When I was a little girl every tobacco garden had a willow fence around it.

I remember very well seeing such fences built. Post holes were made by driving a sharp stake into the ground with an ax; the stake was withdrawn, and into the hole left by it, a diamond willow was thrust for a post; on this willow were left all the upper branches with the leaves. A rail was run from the post to its next neighbor, at the height of a woman’s shoulder, and stayed in place by bending over the leafy top of the willow post, and drawing it around the rail, then twisting it down and around the body at the post in a spiral manner. If the leafy top of the post was long enough, and slender enough, it might, after being wrapped spirally about the post, be even drawn out and woven into the fence.

Below the top rail at a convenient distance, there ran a second rail, bound to the post with bark. Besides these rails, branches and twigs, and as I have said, the tops of the posts themselves, were interwoven into the fence to make it as dense as possible.

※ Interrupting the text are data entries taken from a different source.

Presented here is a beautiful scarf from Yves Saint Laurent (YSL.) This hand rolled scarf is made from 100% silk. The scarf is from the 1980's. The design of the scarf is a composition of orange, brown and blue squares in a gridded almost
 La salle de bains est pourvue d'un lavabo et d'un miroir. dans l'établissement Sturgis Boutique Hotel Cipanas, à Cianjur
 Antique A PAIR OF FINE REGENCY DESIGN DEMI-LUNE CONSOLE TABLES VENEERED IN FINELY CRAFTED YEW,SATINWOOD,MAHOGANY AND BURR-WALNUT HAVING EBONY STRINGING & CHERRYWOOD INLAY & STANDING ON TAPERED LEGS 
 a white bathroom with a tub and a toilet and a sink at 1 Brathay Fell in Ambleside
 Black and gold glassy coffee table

The posts of the fence stood about two and a half feet apart, making, with the rails and the interwoven twigs, a barrier so dense that even a dog could not push through it.

There was an opening left to enter the garden, closed by a kind of stile—bars of small poles thrust right and left between the posts; against these bars were leaned one or two bull berry bushes, which were removed when the owner wanted to enter.

If a weak place was found in the fence, it was strengthened with a bull berry bush thrust into the ground and leaned against the fence or woven into it.